#### Exercise prompt:
Would you copy the entries that follow exactly, leaving out every picture?

┌─ Records

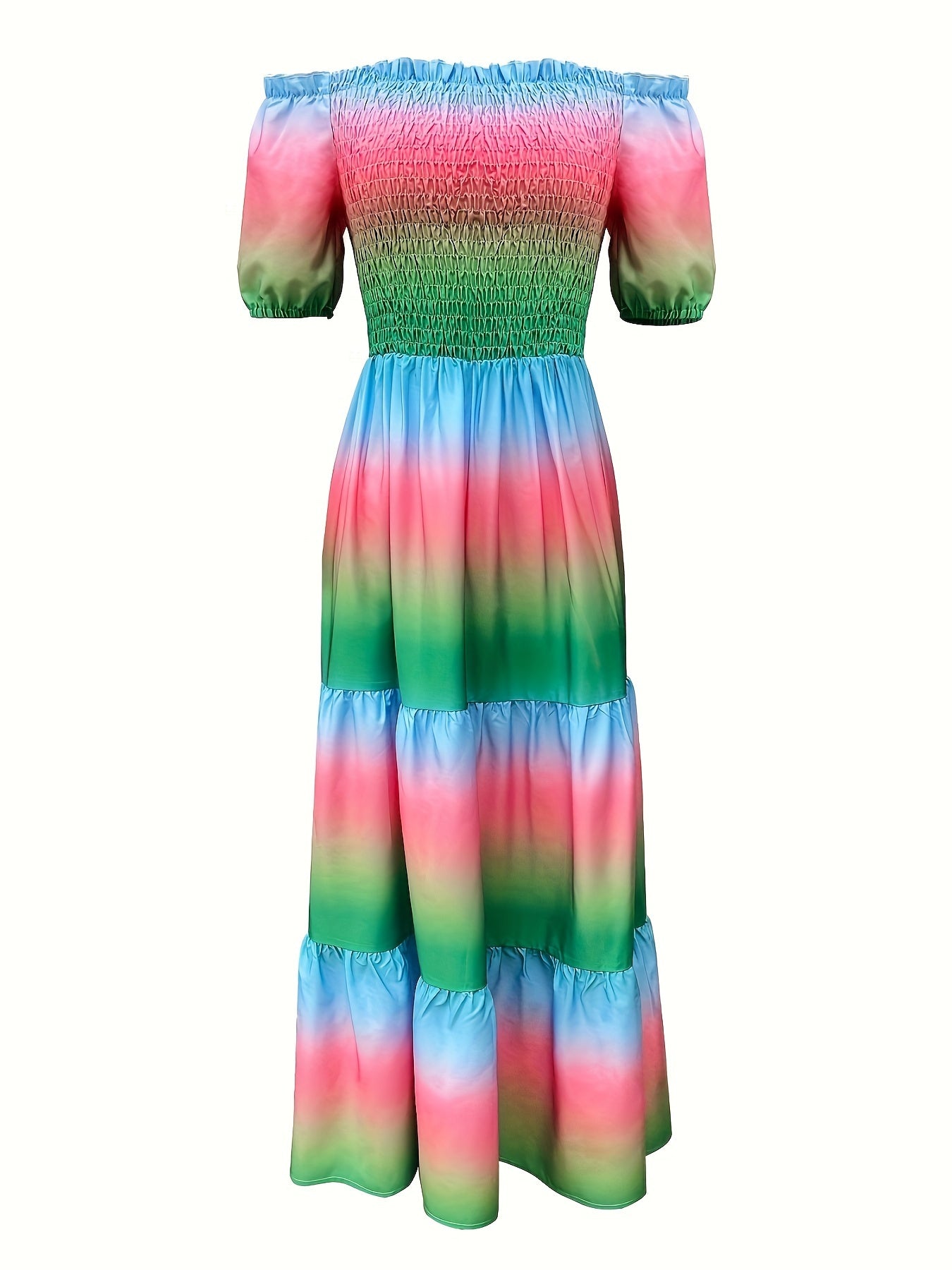 Gradient Print Tiered Dress,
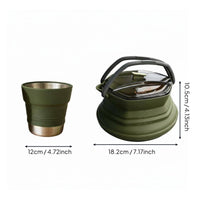 2 Pieces Collapsible Silicone Kettle and Cup Set Heat Resistant for Road Trips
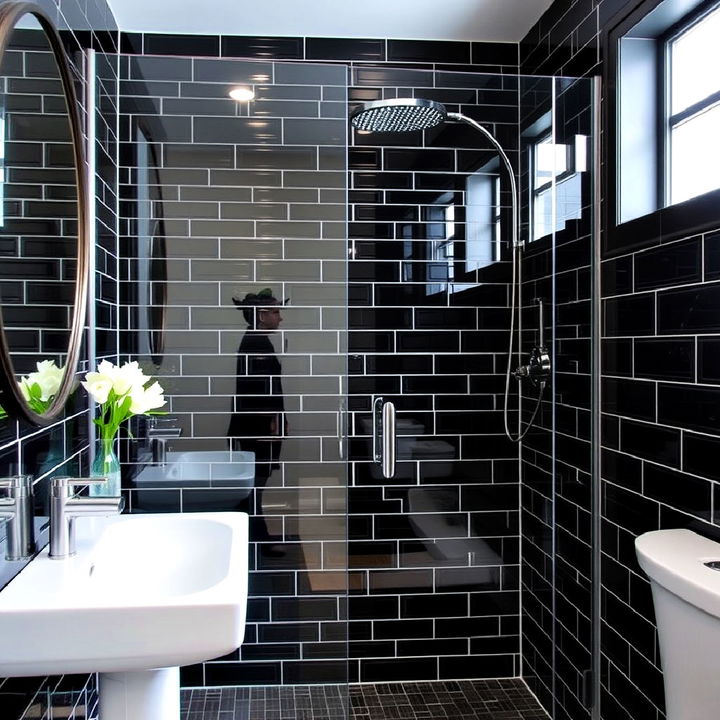 black glass subway tiles bathroom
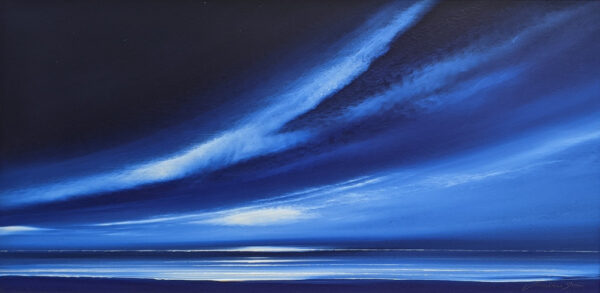 lake district art original acrylic painting by award winning artist jonathan shaw. Midnight skies a contemporary skyscape with big sweeping clouds. Deep dark blue colours used.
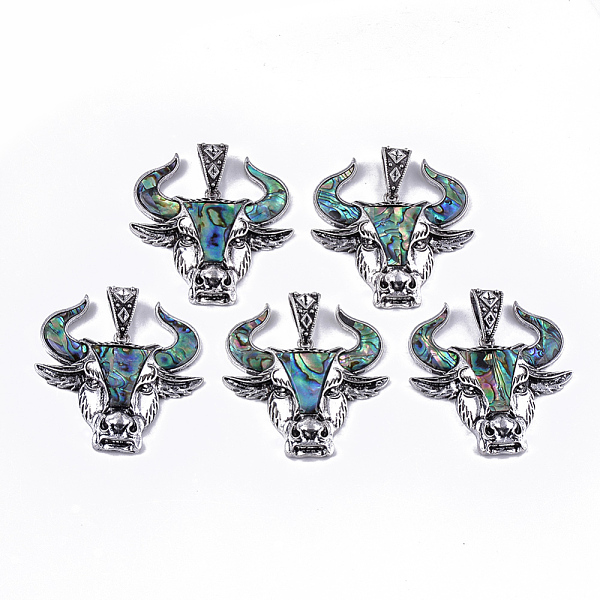 

PandaHall Abalone Shell/Paua Shell Pendants, with Resin Bottom and Alloy Findings, Ox-Head, Antique Silver, 59x57x9.5mm, Hole: 6.5x15mm Paua...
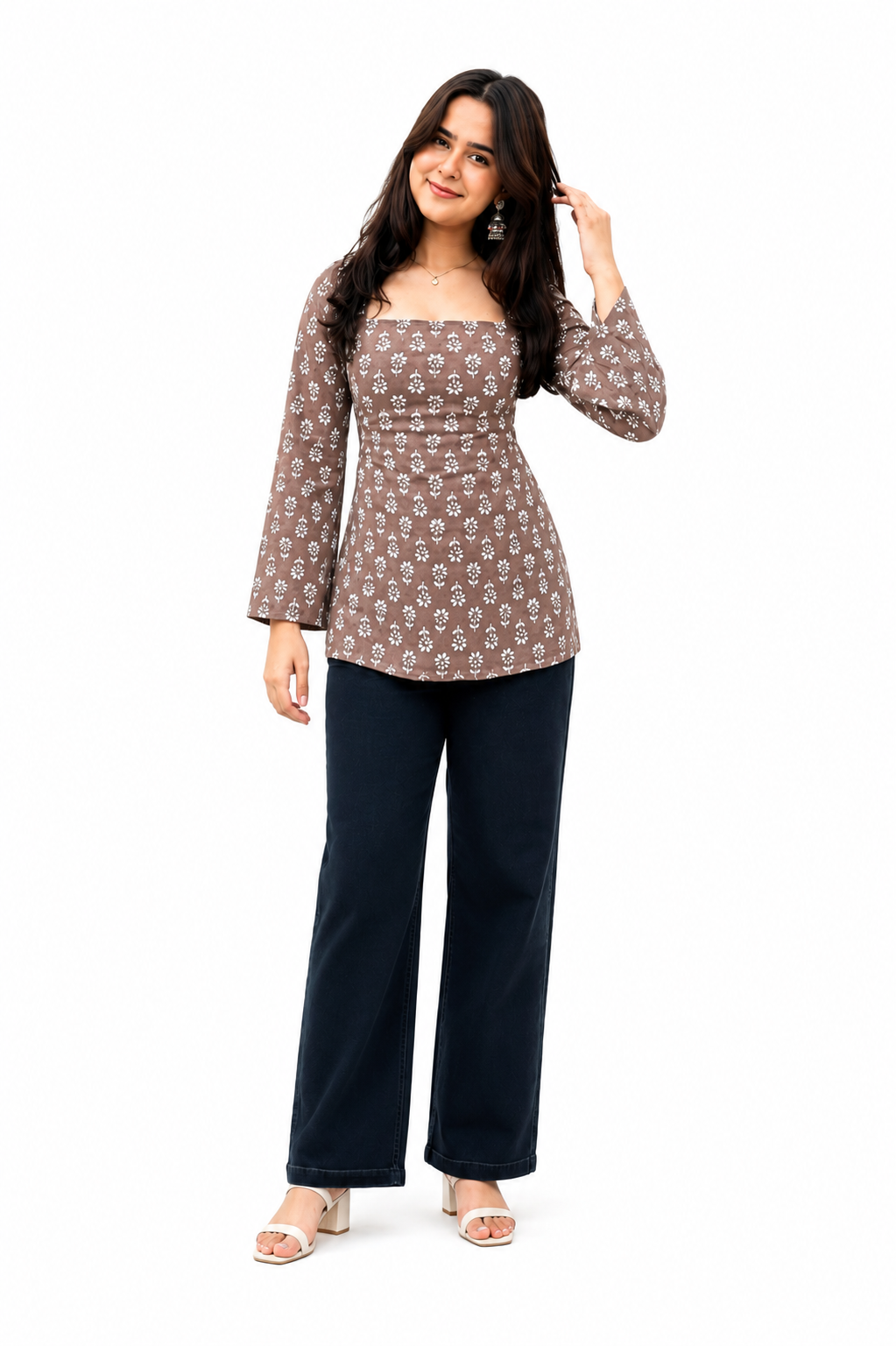 Women’s Floral Printed Square Neck Peplum Top – Elegant Casual Long Sleeve Top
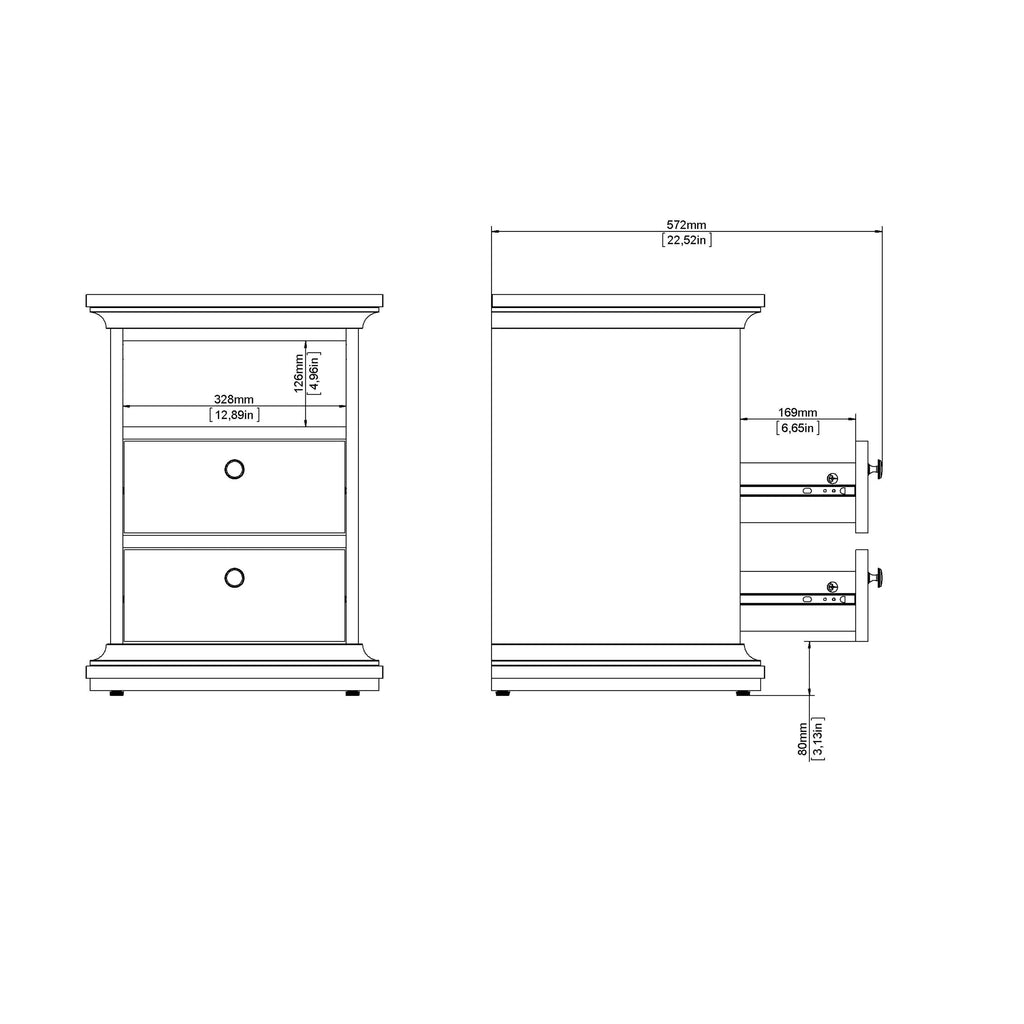 Paris Wardrobe with 4 Doors and 2 Drawers in Matt Grey - image 12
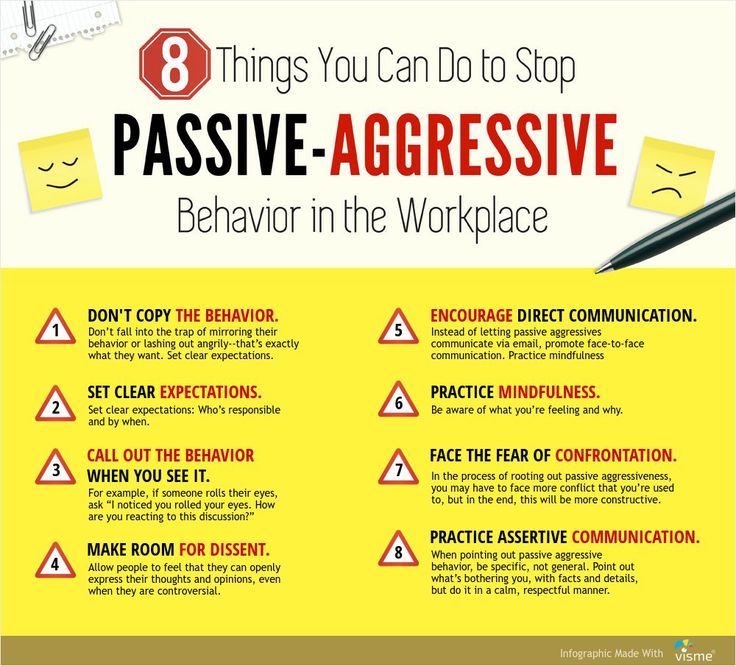 a yellow poster with instructions on how to stop passive - aggressive behavior in the workplace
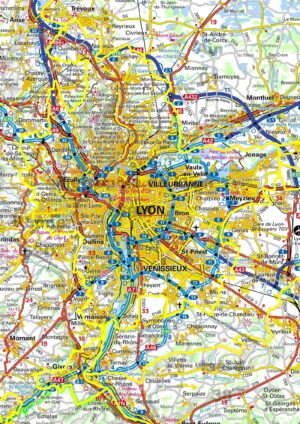 Carte routière de Lyon
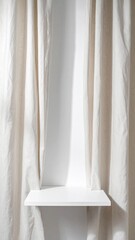 White Shelf Display with Cream Fabric Curtains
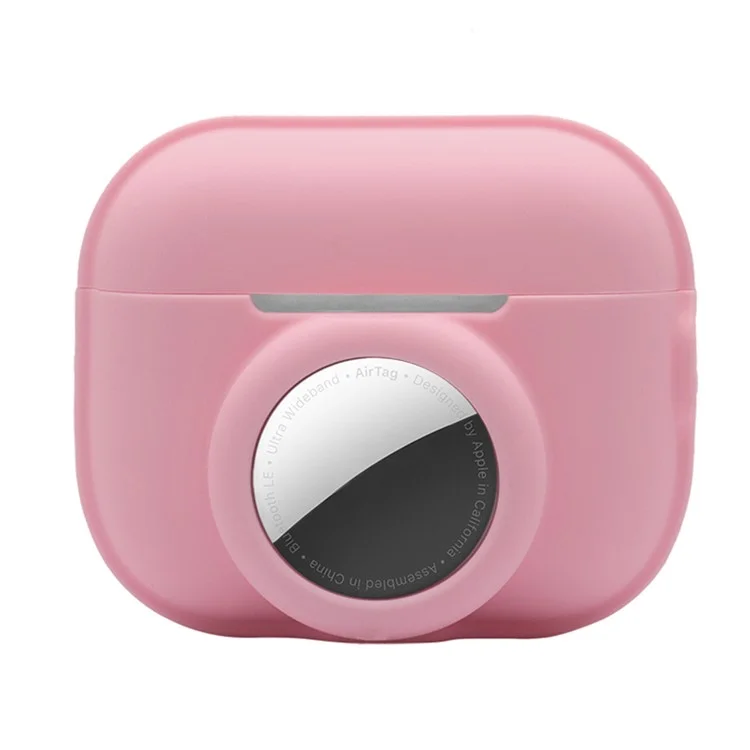 For Apple AirPods Pro 2 + for AirTag Case Silicone Protective Cover - Pink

└─

#### Exercise answer:
 Gradient Print Tiered Dress,
 2 Pieces Collapsible Silicone Kettle and Cup Set Heat Resistant for Road Trips
 black glass subway tiles bathroom
 lake district art original acrylic painting by award winning artist jonathan shaw. Midnight skies a contemporary skyscape with big sweeping clouds. Deep dark blue colours used.

PandaHall Abalone Shell/Paua Shell Pendants, with Resin Bottom and Alloy Findings, Ox-Head, Antique Silver, 59x57x9.5mm, Hole: 6.5x15mm Paua...
 Women’s Floral Printed Square Neck Peplum Top – Elegant Casual Long Sleeve Top
 Paris Wardrobe with 4 Doors and 2 Drawers in Matt Grey - image 12
 a yellow poster with instructions on how to stop passive - aggressive behavior in the workplace
 Carte routière de Lyon
 White Shelf Display with Cream Fabric Curtains
 For Apple AirPods Pro 2 + for AirTag Case Silicone Protective Cover - Pink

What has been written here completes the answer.